STUDY MATERIAL:

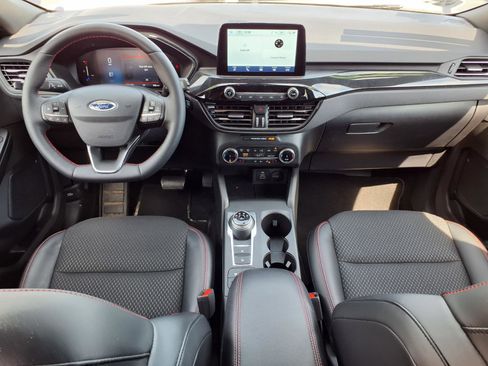 Used 2025 Ford Escape ST-Line w/ Cold Weather Package AWD/4WD image 9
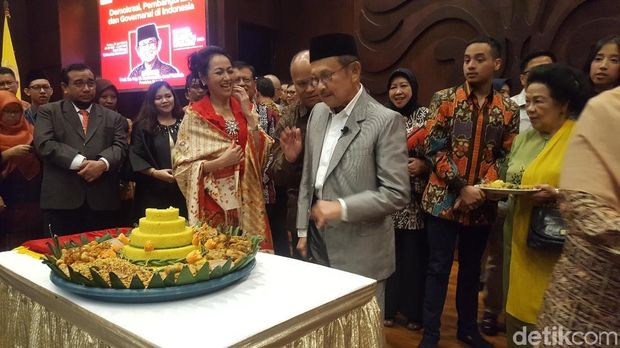 Kejutan Spesial Anak dan Cucu di Ultah ke-83 BJ Habibie
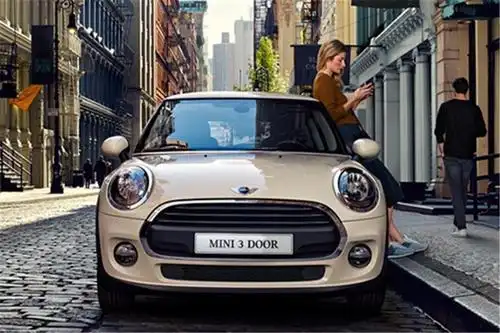 女孩子开轿车什么款式 适合女生开的两厢小车【汽车时代网】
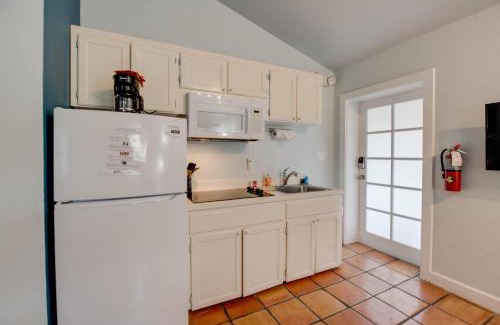 Uptown - Upper Duval House | Southernmost Sanctuary All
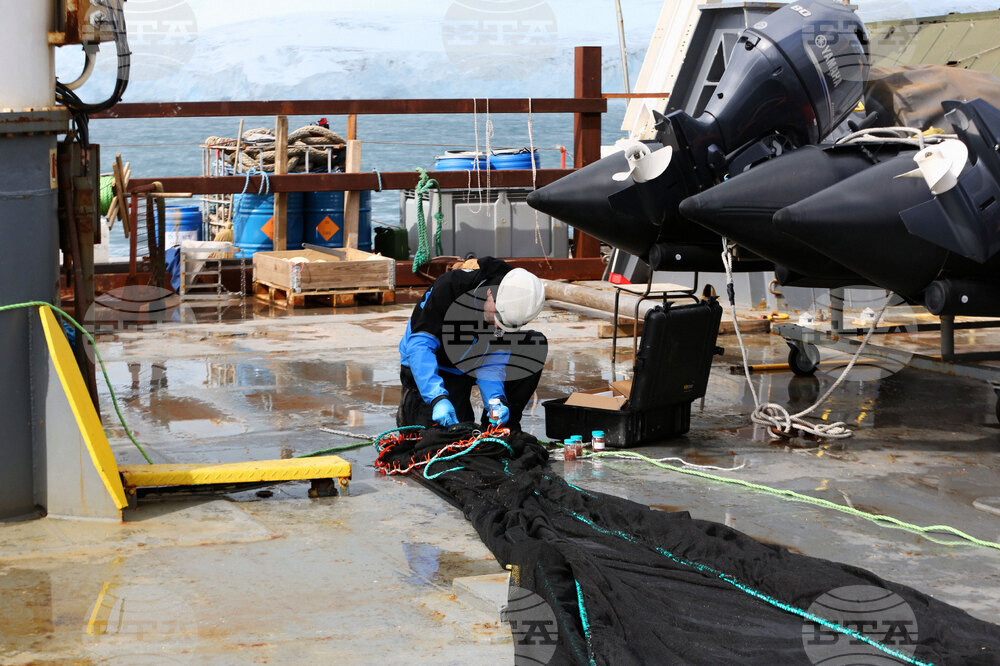 Национална антарктическа експедиция - Остров Ливингстън - Военен научноизследователски кораб „Св. Св. Кирил и Методий“ - НИК 421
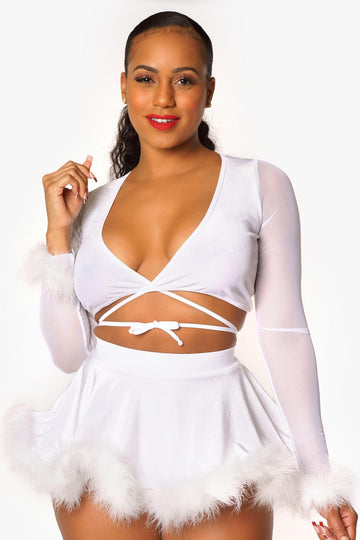 Top de terciopelo blanco con lazo y pelo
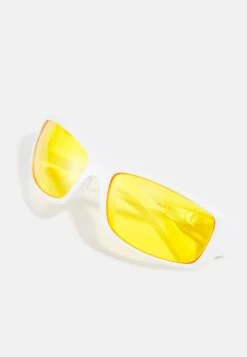 Pier One UNISEX - Sonnenbrille - White -Kleidung PierOne Store 06212ea48c0f4037abc6a62aa2c032d6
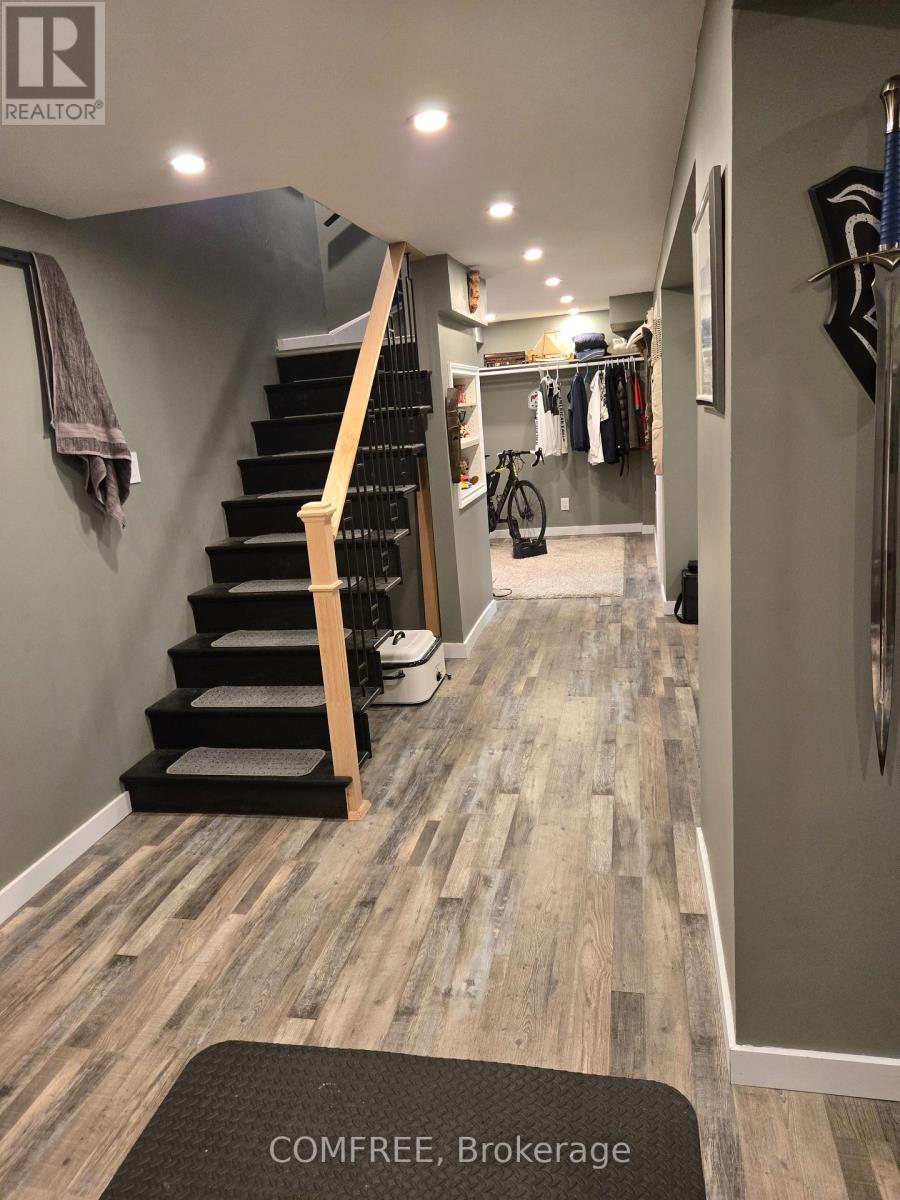 Photo 27 of 61 Carruthers Crescent, Barrie ON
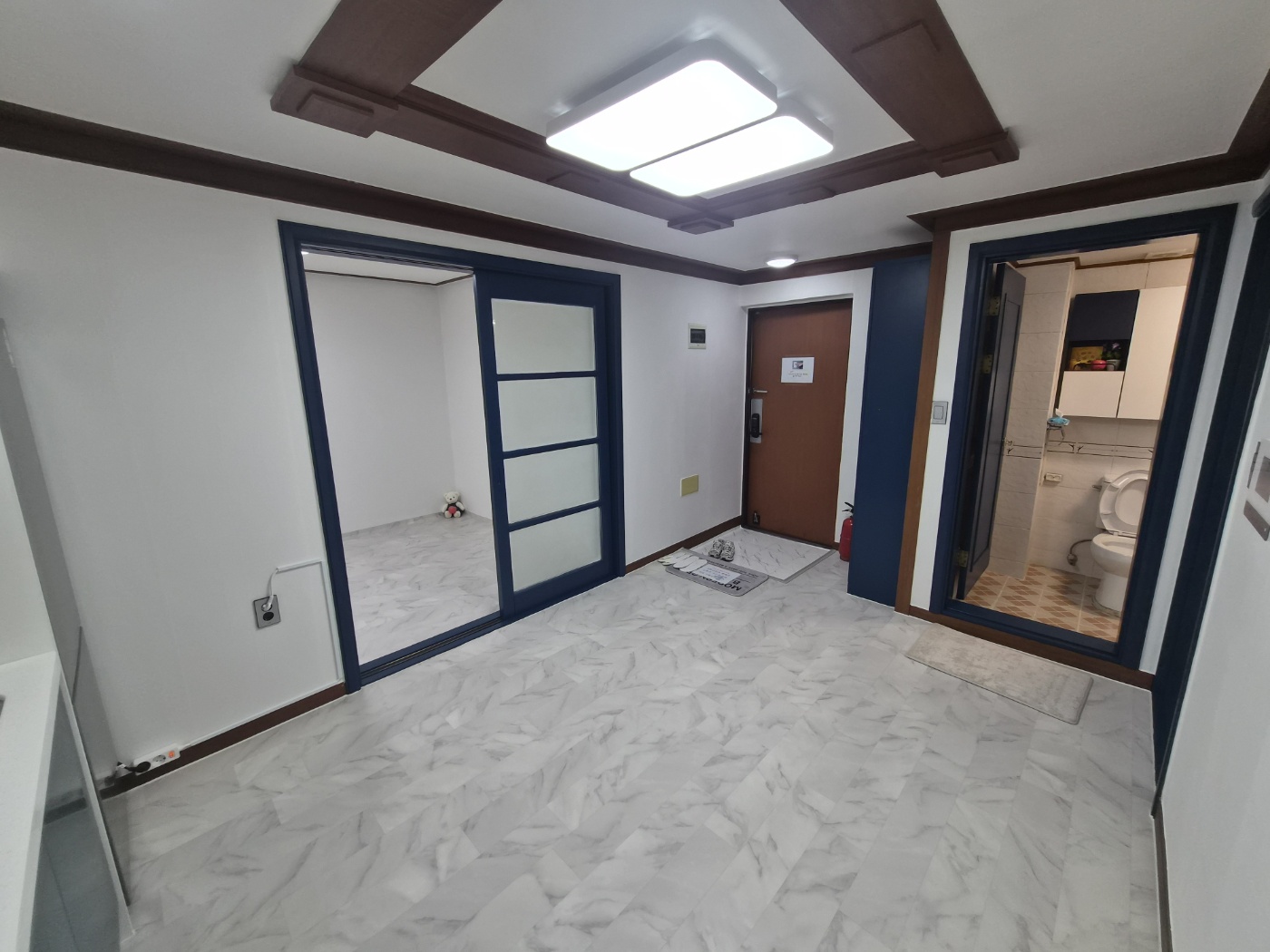 Post image 7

WHAT THE TASK ASKS: From the first line of the entries down to the line with "Top de terciopelo blanco con lazo y pelo", print each line exactly; omit any picture.

COMPLETED TASK:
 Used 2025 Ford Escape ST-Line w/ Cold Weather Package AWD/4WD image 9
 Kejutan Spesial Anak dan Cucu di Ultah ke-83 BJ Habibie
 女孩子开轿车什么款式 适合女生开的两厢小车【汽车时代网】
 Uptown - Upper Duval House | Southernmost Sanctuary All
 Национална антарктическа експедиция - Остров Ливингстън - Военен научноизследователски кораб „Св. Св. Кирил и Методий“ - НИК 421
 Top de terciopelo blanco con lazo y pelo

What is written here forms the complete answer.